# Wanting to build a bandsaw mill



## mmosh1014 (May 29, 2012)

Hello all, I am looking into building a bandsaw mill and I have a opportunity to get a 5hp 3450 rpm electric motor for a very good price. I have been doing a little research and have seen that when using an electric motor you can use a smaller HP then when using a gas. Any opinions would be helpful.


----------



## stevem2 (Jun 13, 2010)

FWIW:

If it's a hobby mill your 5hp electric might be OK but if you get serious with sawing you'll be way under powered. 

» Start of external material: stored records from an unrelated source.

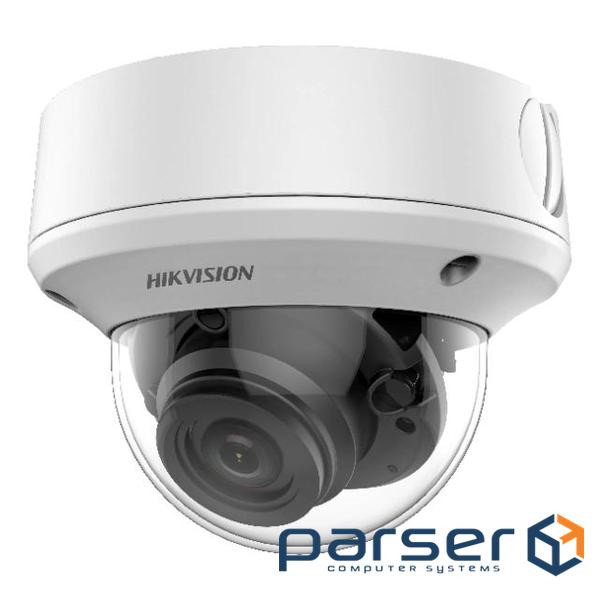 Камера відеоспостереження HIKVISION DS-2CE5AD3T-AVPIT3ZF (2.7-13 (DS-2CE5AD3T-AVPIT3ZF) (2.7-13.5мм) ))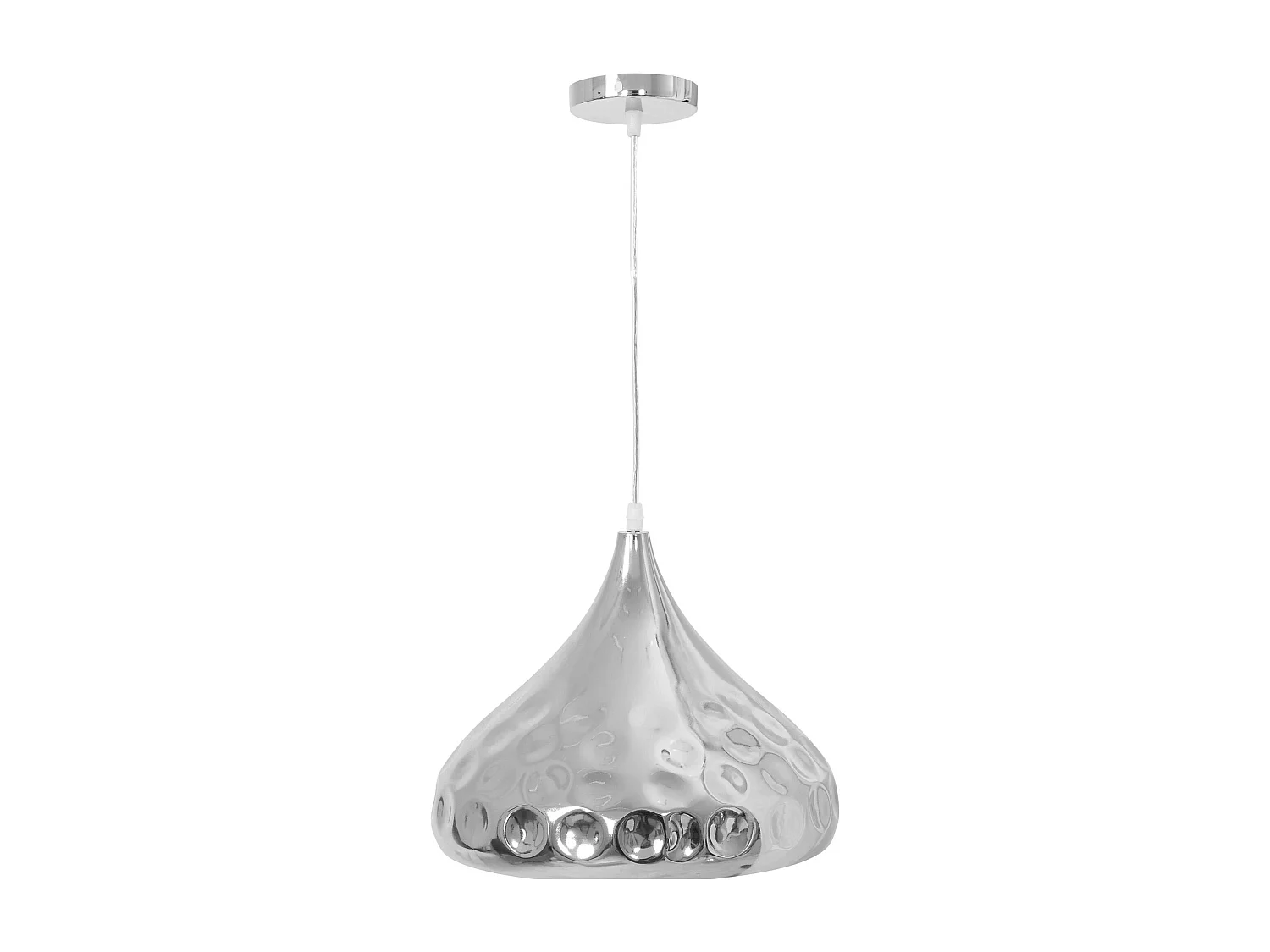 Lampe Suspendue Toolight App272-1Cp Grey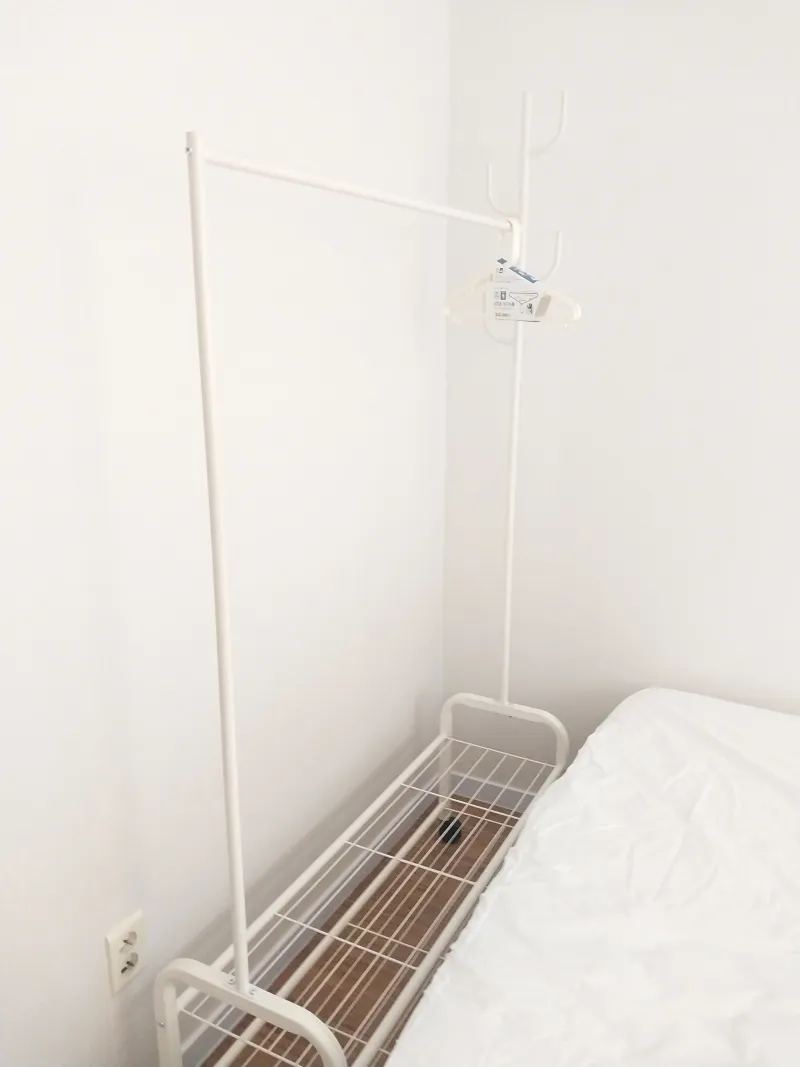 [Jeonju] Comfortable House 6 - 3-room (dryer, modern interior) 4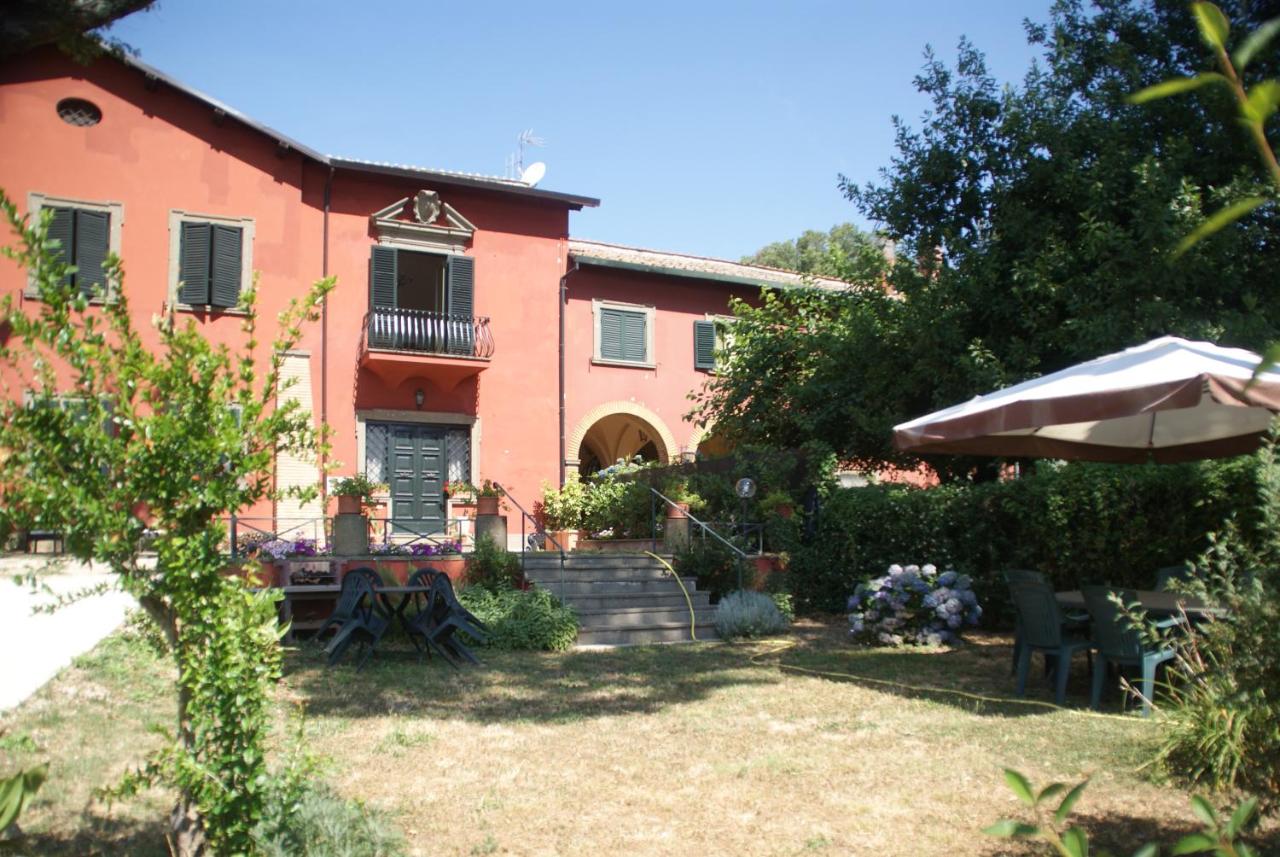 Vigna dell'Agrifoglio - Bed and Breakfast - Chambres d’hôtes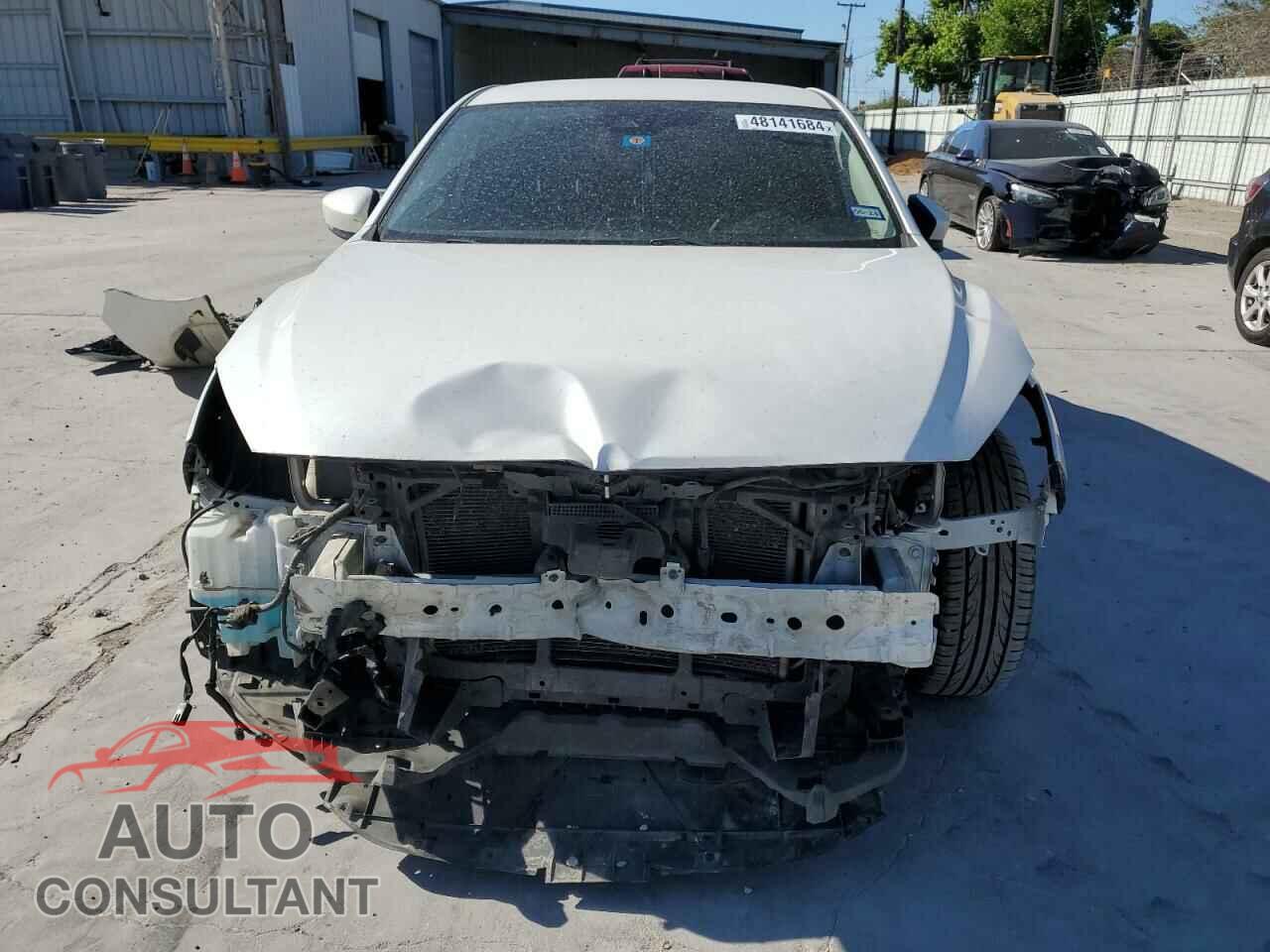 MAZDA 3 2018 - 3MZBN1L36JM199881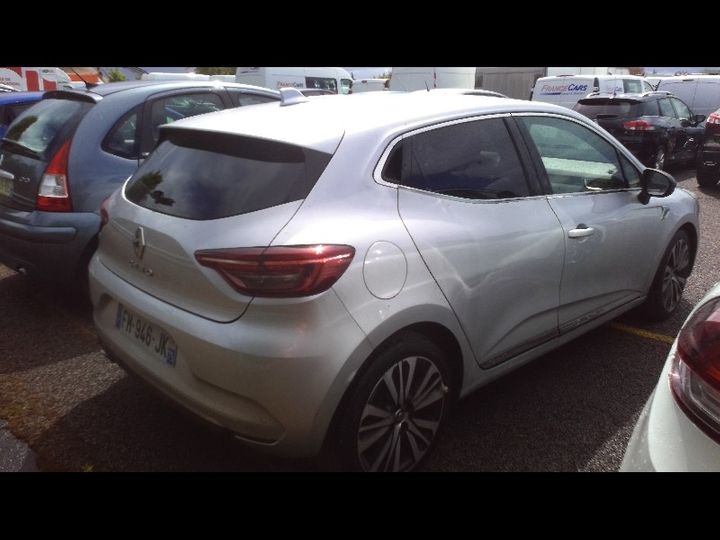 Photo 3 VIN: VF1RJA00564429161 - RENAULT CLIO 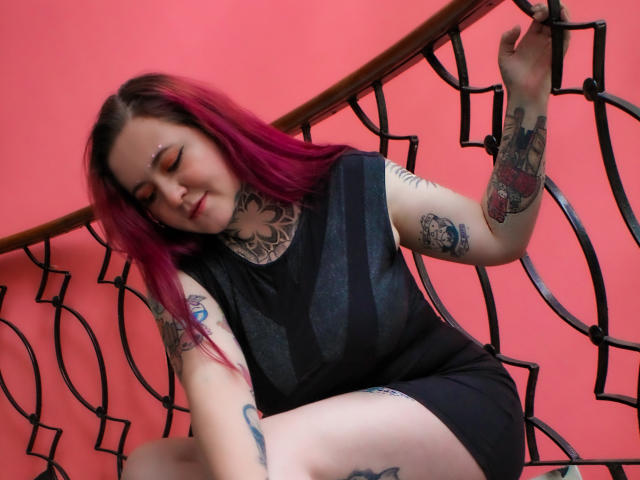 NatashaPearson - Sexe cam en vivo - 11278430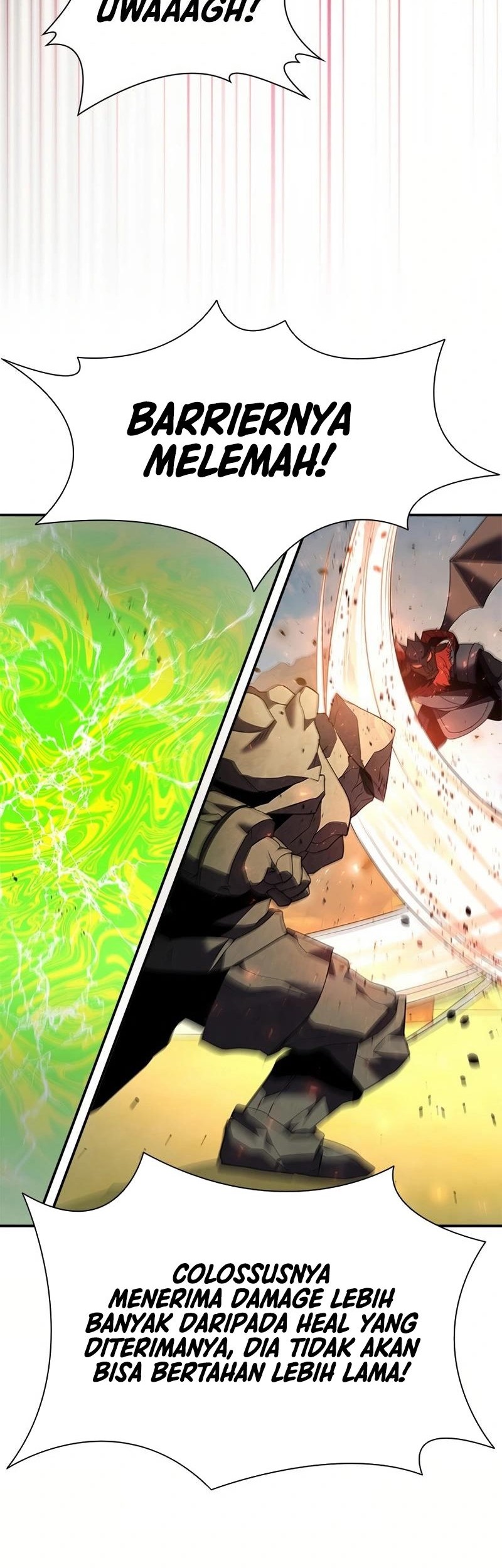 Taming Master Chapter 180 halaman 44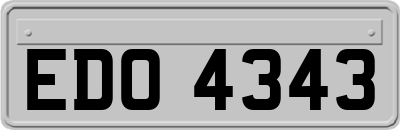 EDO4343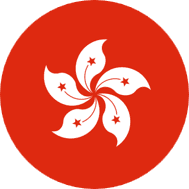 香港国旗アイコン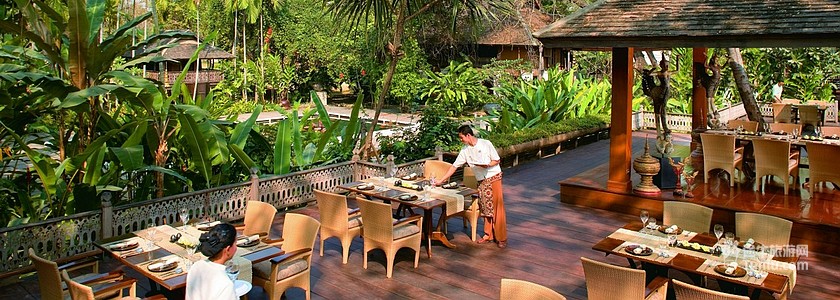 【清迈文华东方度假酒店】图片_介绍_官网_泰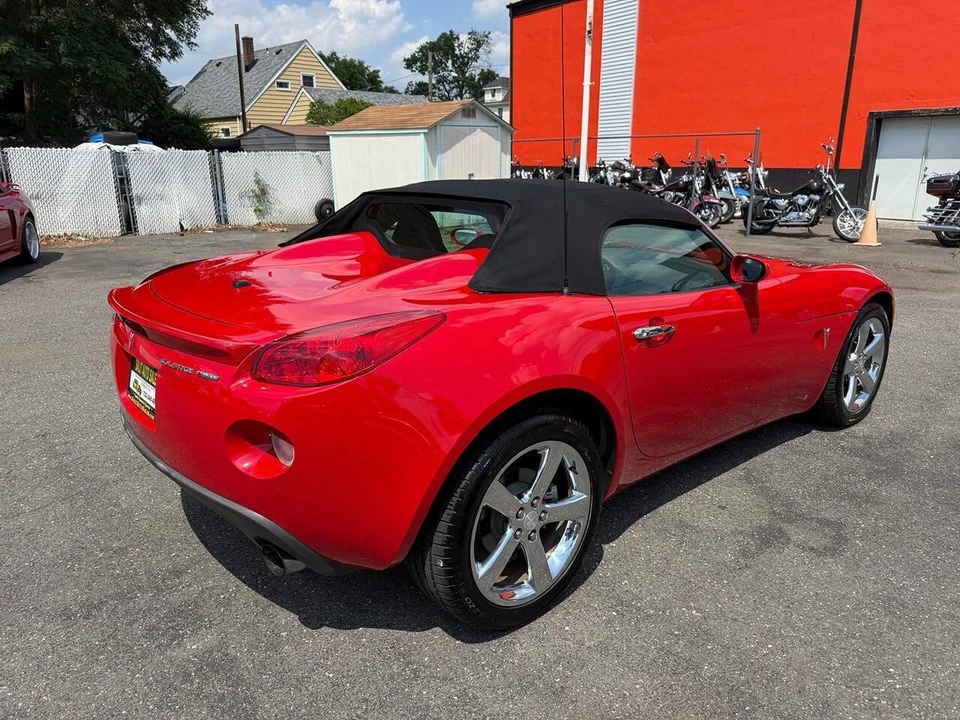 2007 Pontiac Solstice - Image 26 of 28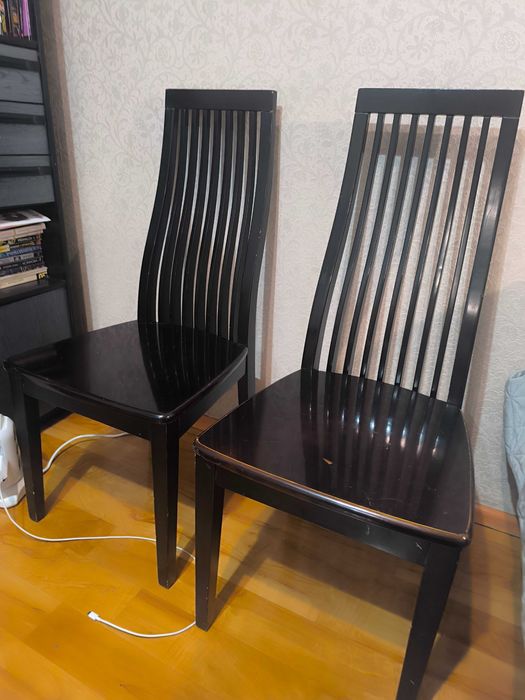 Стильные стулья для вашего дома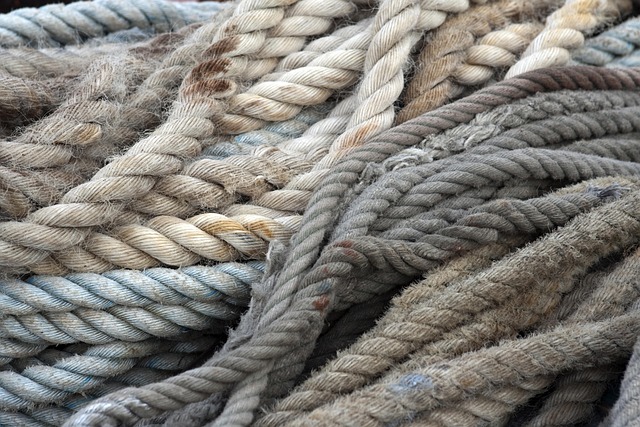 rope
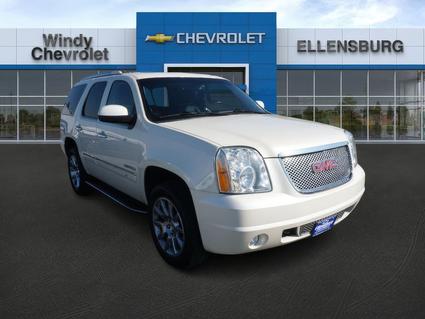 2014 GMC Yukon Pasco WA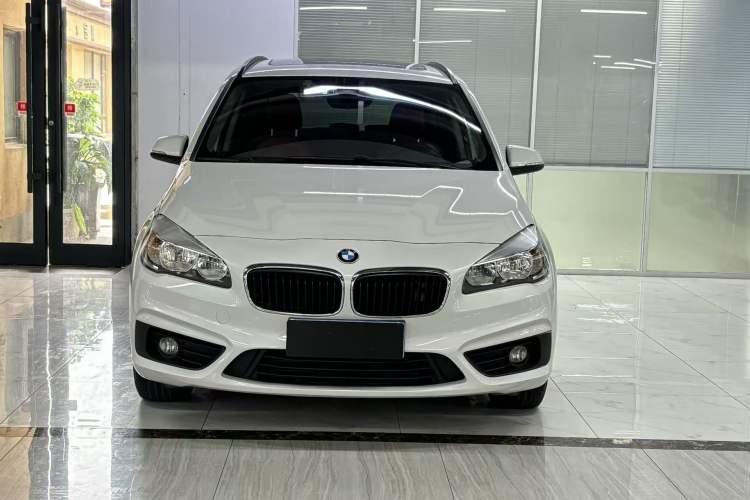 Used BMW 2 Series Active Tourer 2015 218i Leading Model
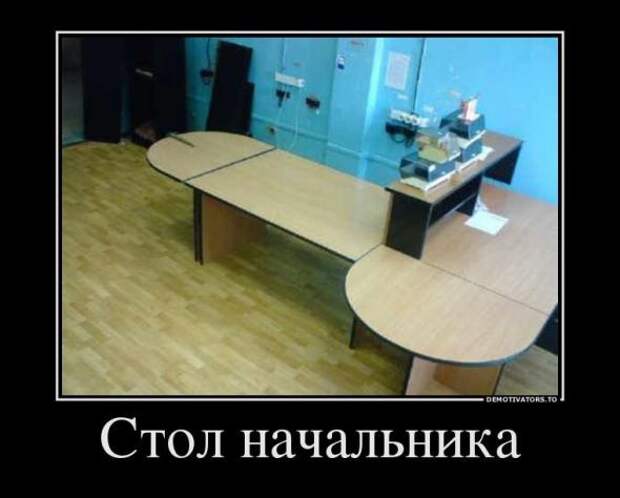 Немного новых демотиваторов
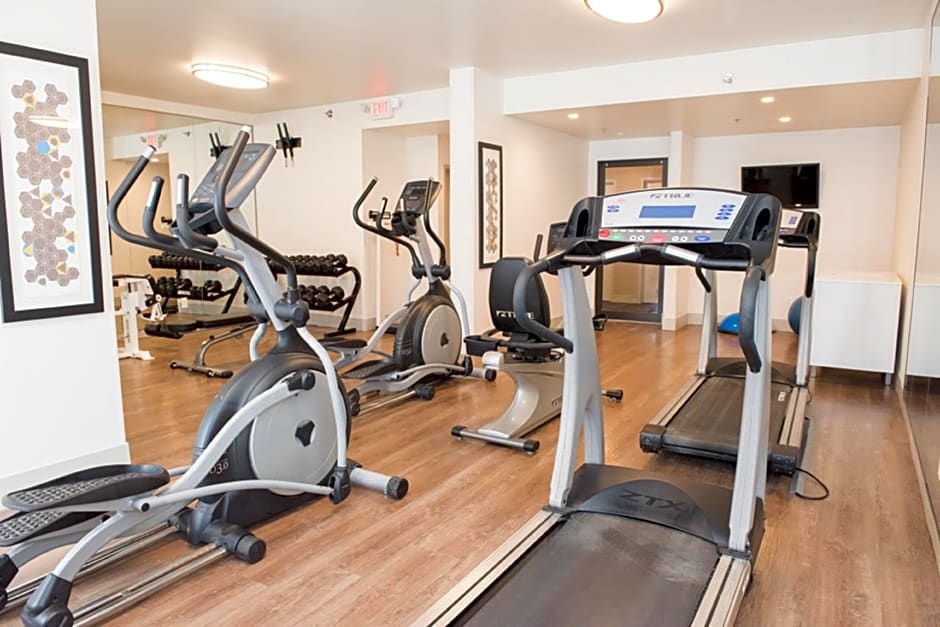 Holiday Inn Express Pascagoula-Moss Point
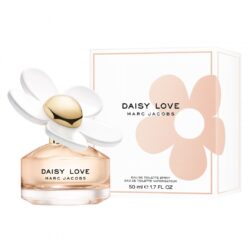 MARC JACOBS DAISY LOVE EDT 50ML SPRAY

Electric motors also tie you to a power source so it won't be mobile.


----------



## MidGAOutdoor (Apr 7, 2011)

the parts i looked at were way expensive. and steel is goin up. i have decided to just buy one when i can


----------



## woodnthings (Jan 24, 2009)

*this is cool*


----------



## Horatio (Apr 4, 2012)

I could probably scrounge the lion's share of the parts up to build one of my own but I have no where near the expertise and skill to actually put it all together. That one welding class I took 2 years ago....yeah, not gonna cut it. Oh and yeah, might need and actual welding machine. /sigh...one expensive project at a time. I'd love to put a 25hp beast electric motor off a rock crusher conveyor on one, lol. Finding one would not be an issue. Finding one that works....another story. Crap, now you have me thinking....

Mosh, there are quite a few videos on youtube of folks that have made their own and how they did it are all over the map. Probably good for some ideas.


----------



## stevem2 (Jun 13, 2010)

You can buy a kit from Linn Lumber in Oregon at any stage of construction you want.

http://linnlumber.com


----------



## Faceted rock (Jan 13, 2011)

Horatio said:


> I could probably scrounge the lion's share of the parts up to build one of my own but I have no where near the expertise and skill to actually put it all together. That one welding class I took 2 years ago....yeah, not gonna cut it. Oh and yeah, might need and actual welding machine. /sigh...one expensive project at a time. I'd love to put a 25hp beast electric motor off a rock crusher conveyor on one, lol. Finding one would not be an issue. Finding one that works....another story. Crap, now you have me thinking....
> 
> Mosh, there are quite a few videos on youtube of folks that have made their own and how they did it are all over the map. Probably good for some ideas.


I in Russia with 1999 made ​​several thousands of different sawmills and is ready to help you. but I will help you, provided that you make the machine exactly as my drawings and then tell about it.


----------



## Faceted rock (Jan 13, 2011)

I forgot to say, I only do the curves band sawmill


----------



## SteveEl (Sep 7, 2010)

Here's another build


----------